En 1992, l’opinion publique internationale prend enfin conscience des atrocités commises dans le conflit de l’ex-Yougoslavie. Deux projets sont alors en concurrence : un projet français et italien qui prône l’indépendance du tribunal ; un projet russe et américain qui place celui-ci sous l’autorité du Conseil de sécurité. Finalement, c’est ce dernier qui sera retenu.
Le Conseil de sécurité lui donne vie par le biais de la résolution 808, le 22 février 1993. Son seul but est alors de juger les personnes présumées responsables de violations graves du droit humanitaire international,, commises en ex-Yougoslavie depuis le 1er janvier 1991. Il sera reconduit pour les exactions commises au Rwanda. Le droit humanitaire à travers le droit d’ingérence prend forme, ainsi que le principe d’imprescriptibilité des crimes contre l’humanité.

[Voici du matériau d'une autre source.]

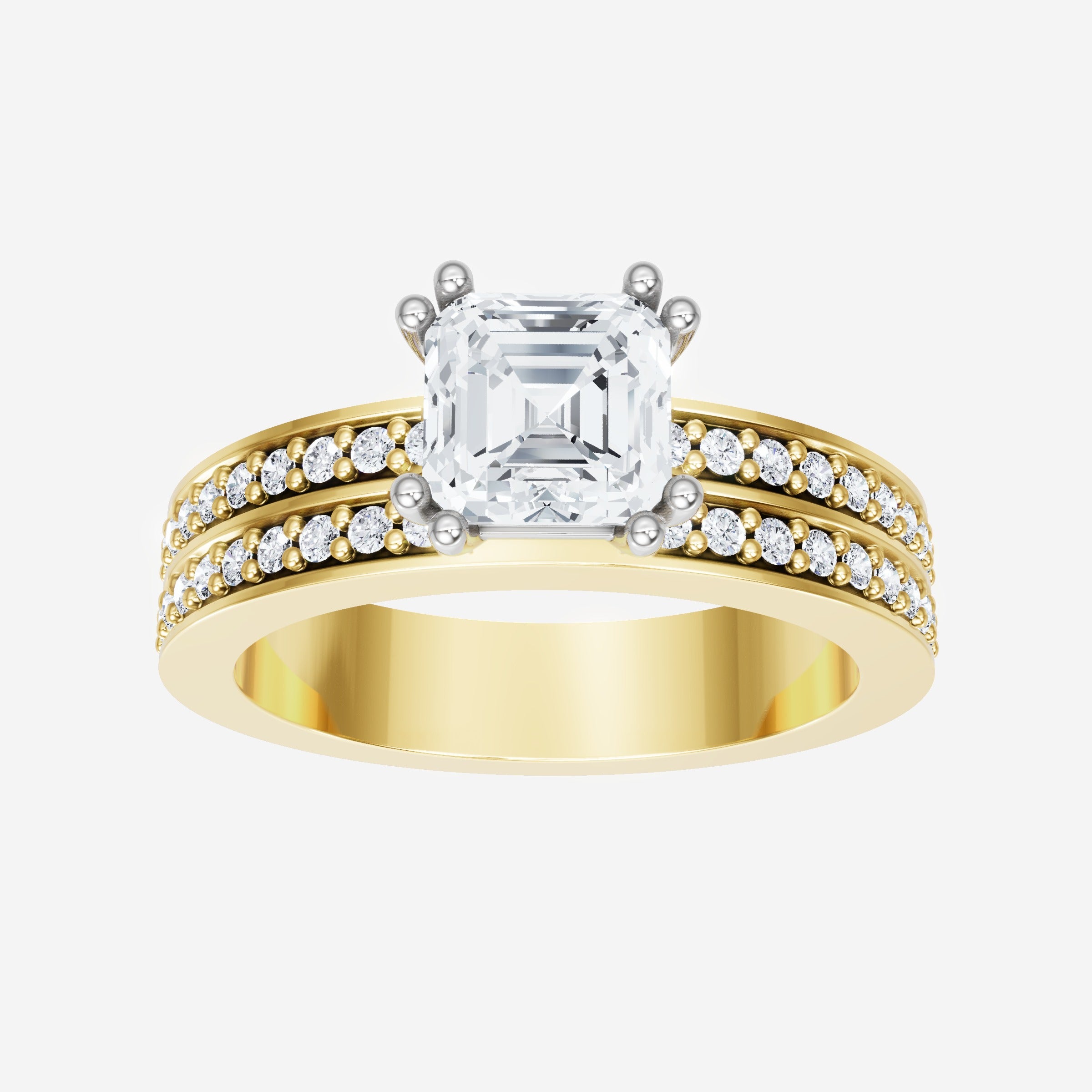 Anillo de halo dividido eterno de Asscher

Certes, ce n’est pas la panacée, et différents reproches peuvent être adressés à cette nouvelle institution. Le fait, tout d’abord, que le TPI émane du Conseil de sécurité de l’ONU et non de son Assemblée générale, ce qui ouvre un moyen de contestation de sa légalité par les Etats non membres du Conseil de sécurité. Son financement, également, qui n’est pas assuré exclusivement par l’ONU, mais aussi par les Etats-Unis et diverses personnalités ou multinationales (George Soros, Time Warner, la fondation Rockfeller...), est une source de contestation de son indépendance. L’absence de mode de fonctionnement figé dans le marbre enfin alimente les critiques sur son impartialité. Le Tribunal a ainsi été chargé d’édicter lui-même ses lois et règlements, qu’il a d’ailleurs modifiés maintes fois. Le mode de désignation des juges et procureurs n’est pas non plus clairement établi.

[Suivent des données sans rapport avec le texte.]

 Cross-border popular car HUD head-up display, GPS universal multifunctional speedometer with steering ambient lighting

Pourtant, le TPI est très différent du Tribunal de Nuremberg, dans le sens où ce ne sont pas les vainqueurs du conflit qui ont décidé de juger les responsables de celui-ci, mais la communauté internationale. Cette dernière, lors du conflit de l’ex-Yougoslavie, était face à l’existence de camps de concentration et à l’application d’une politique de "nettoyage ethnique". Pouvait-elle rester impassible ? En réaffirmant par la voix du Conseil de sécurité le principe de la responsabilité individuelle des personnes qui commettent ou ordonnent de commettre de graves infractions aux Conventions de Genève et des crimes contre l’humanité, le droit international humanitaire a fait un grand pas.
Où qu’ils soient réfugiés, et quel que soit le délai qui les sépare des faits, les auteurs de ces crimes encourent le jugement de la communauté internationale. Et ça, c’est déjà un sacré progrès.